Jul 27, 2022, 12:38:29 PM7/27/22

to OpenRefine

This is definitely something that you can do in OpenRefine, but the detail may depend on the starting structure of the data. Can you share some examples of what the data originally looks like (either real data or some example data structured in the same way - whichever is easier).

If you can provide this information I can then provide advice on how to achieve the outcome you need

Owen

FRAZER NYAMBE

unread,

Aug 3, 2022, 8:43:09 AM8/3/22

to openr...@googlegroups.com

This is the XML file with multiple records I am working with.

--
You received this message because you are subscribed to a topic in the Google Groups "OpenRefine" group.
To unsubscribe from this topic, visit https://groups.google.com/d/topic/openrefine/Ss-JoVM_VpM/unsubscribe.
To unsubscribe from this group and all its topics, send an email to openrefine+...@googlegroups.com.
To view this discussion on the web visit https://groups.google.com/d/msgid/openrefine/61418e67-62c9-4cb5-9d9c-86e3ae845a41n%40googlegroups.com.

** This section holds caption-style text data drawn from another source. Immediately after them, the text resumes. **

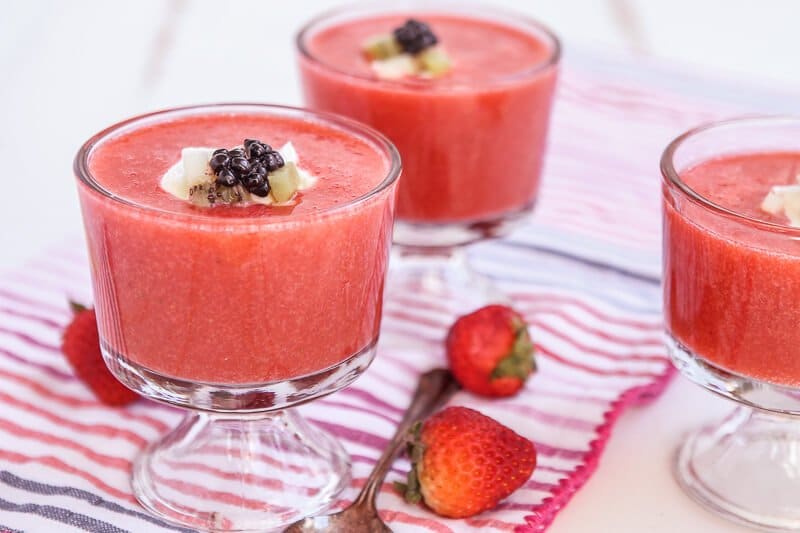 This strawberry soup tastes almost like a melted smoothie except better. Such a simple and easy recipe that uses fresh strawberries to create a healthy dessert option. Definitely one of the most unique strawberry ideas and perfect for summer entertaining! 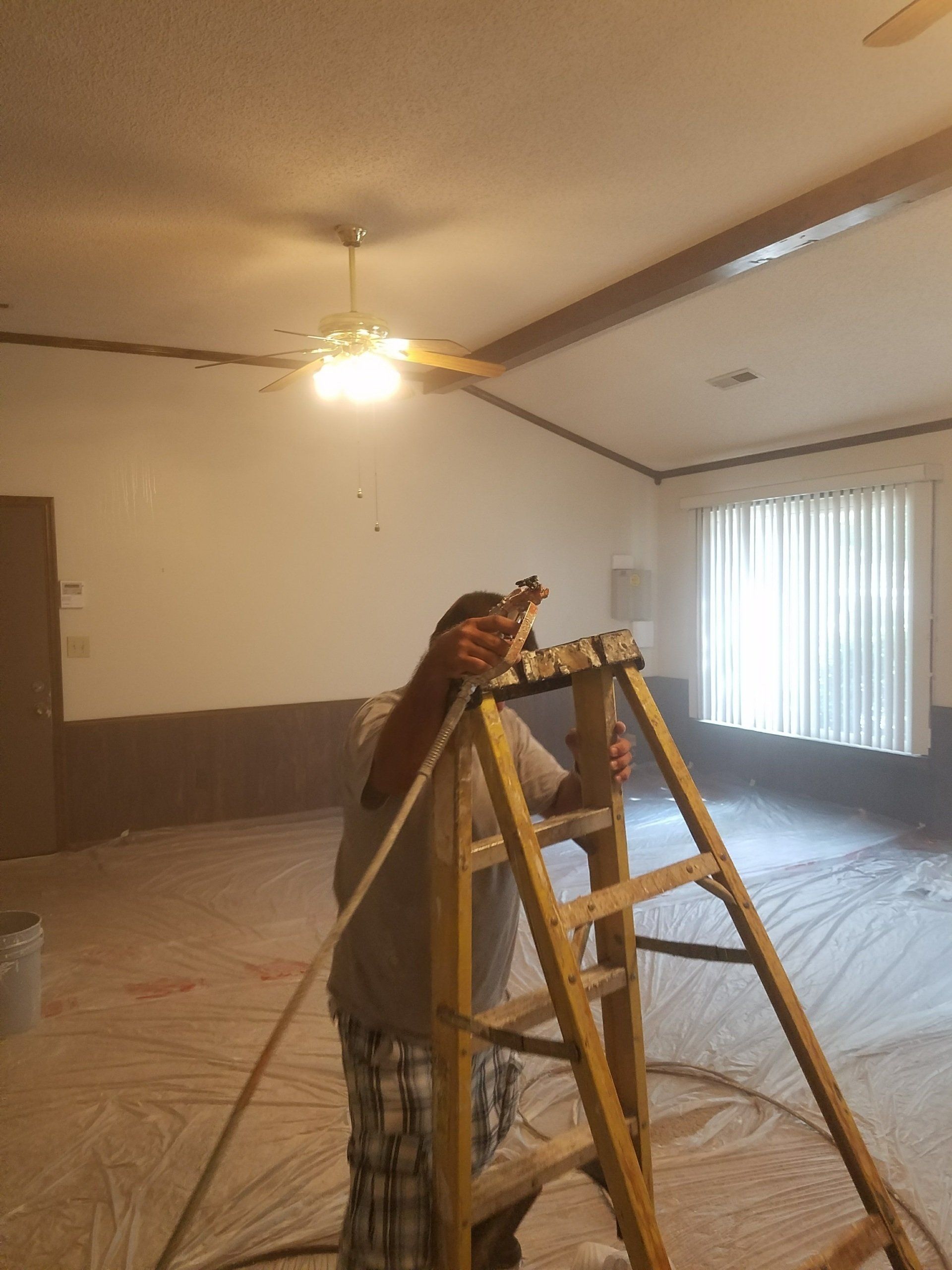 Person on ladder painting a room, walls are white and brown.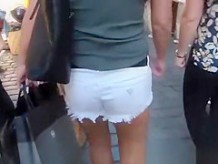 Girl in white shorts.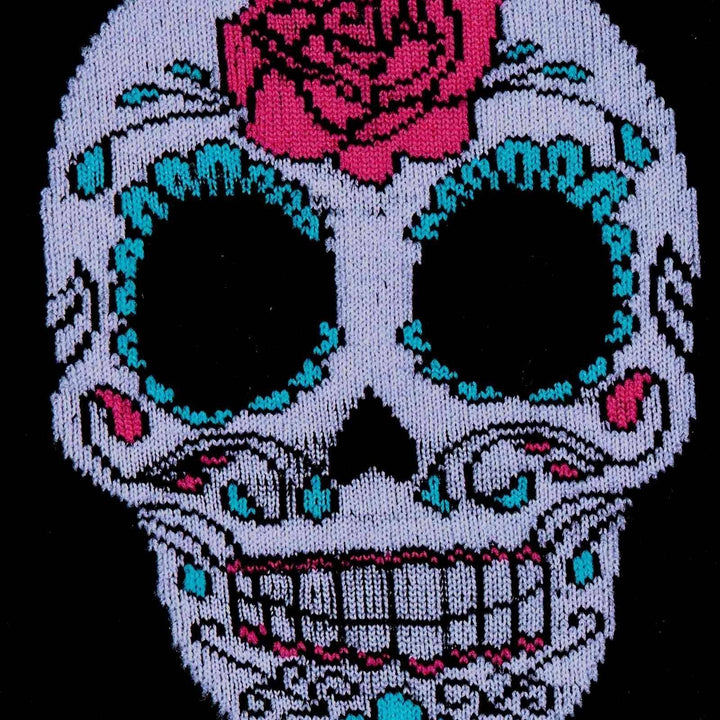 Close-up of a white and turquoise sugar skull with a red rose on a black sock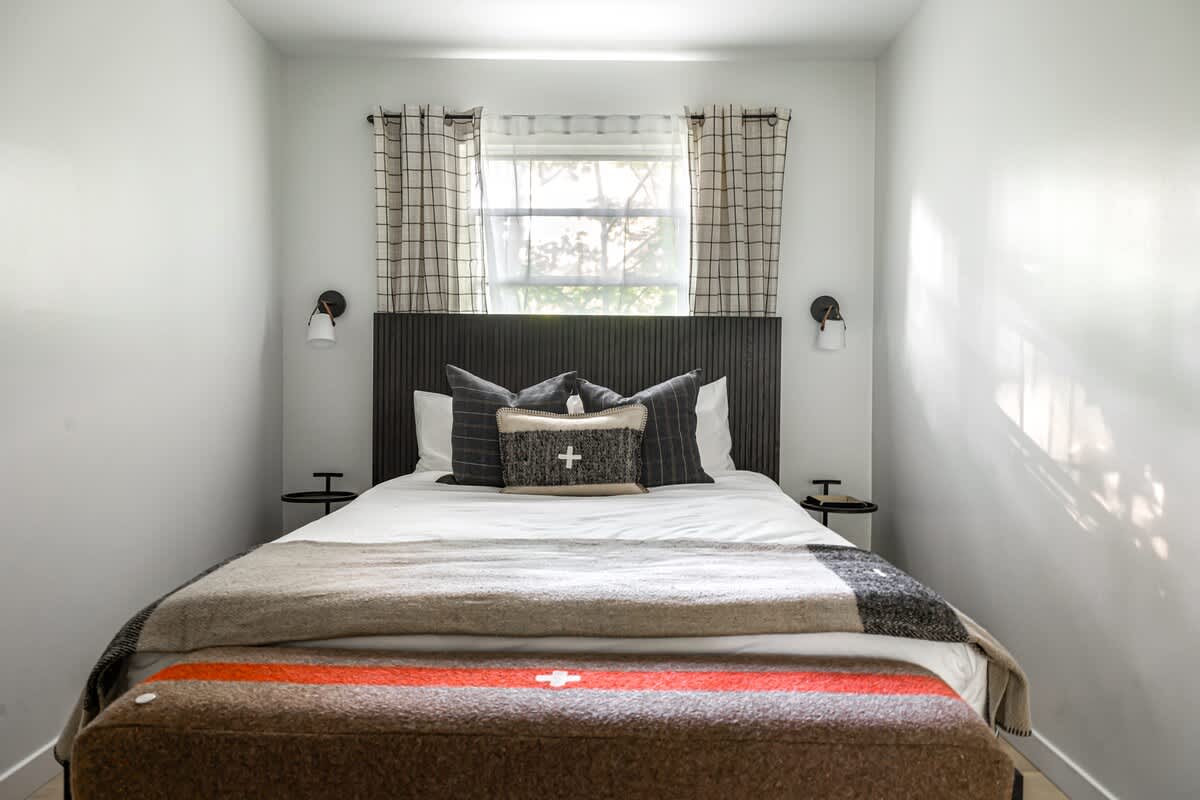 View of the second bed in a shared bedroom, featuring a dark upholstered headboard, white bedding, and plaid accent pillows. Two wall sconces flank the bed, with a window above.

CONFIDENTIAL NOTICE: This message (and its attachments) may contain confidential information. Any unauthorized use or disclosure is prohibited.
If you have received this communication in error, please notify us immediately by responding to this email and then delete it from your system.

1.xml

Owen Stephens

unread,

Aug 3, 2022, 9:42:58 AM8/3/22

to OpenRefine

Thanks

The answer may depend on how you want to handle multi-value fields in the CSV. As an example the first record has:

<record>
<header>
<identifier>oai:dspace.unza.zm:123456789/4153</identifier>
<datestamp>2019-08-19T12:30:47Z</datestamp>
<setSpec>com_123456789_289</setSpec>
<setSpec>col_123456789_290</setSpec>
</header>
<metadata>
<oai_dc:dc xmlns:oai_dc="http://www.openarchives.org/OAI/2.0/oai_dc/" xmlns:doc="http://www.lyncode.com/xoai" xmlns:xsi="http://www.w3.org/2001/XMLSchema-instance" xmlns:dc="http://purl.org/dc/elements/1.1/" xsi:schemaLocation="http://www.openarchives.org/OAI/2.0/oai_dc/ http://www.openarchives.org/OAI/2.0/oai_dc.xsd">
<dc:title>Morphological characterisation of low and high oil sunflower(Hellanthus Annuus. L.)Varieties for use in marker assisted selection</dc:title>
<dc:creator>Chinyundo, Anthony</dc:creator>
<dc:subject>Helianthus Annuus. L.</dc:subject>
<dc:subject>Sun flower oil</dc:subject>
<dc:subject>Cooking oil</dc:subject>
<dc:description>Morphological characterization etc. etc.</dc:description>
<dc:date>2015-11-11T13:39:13Z</dc:date>
<dc:date>2015-11-11T13:39:13Z</dc:date>
<dc:date>2015-11-11</dc:date>
<dc:type>Other</dc:type>
<dc:identifier>http://dspace.unza.zm/handle/123456789/4153</dc:identifier>
<dc:language>en</dc:language>
<dc:format>application/pdf</dc:format>
</oai_dc:dc>
</metadata>
</record>

From this data, in OpenRefine you'll end up with a record that has two values in the 'setSpec' column, three values in the 'dc:subject' column and three values in the 'dc:date' column (the column names will be longer than this if you've just used the names generated by the XML import, but hopefully this is clear)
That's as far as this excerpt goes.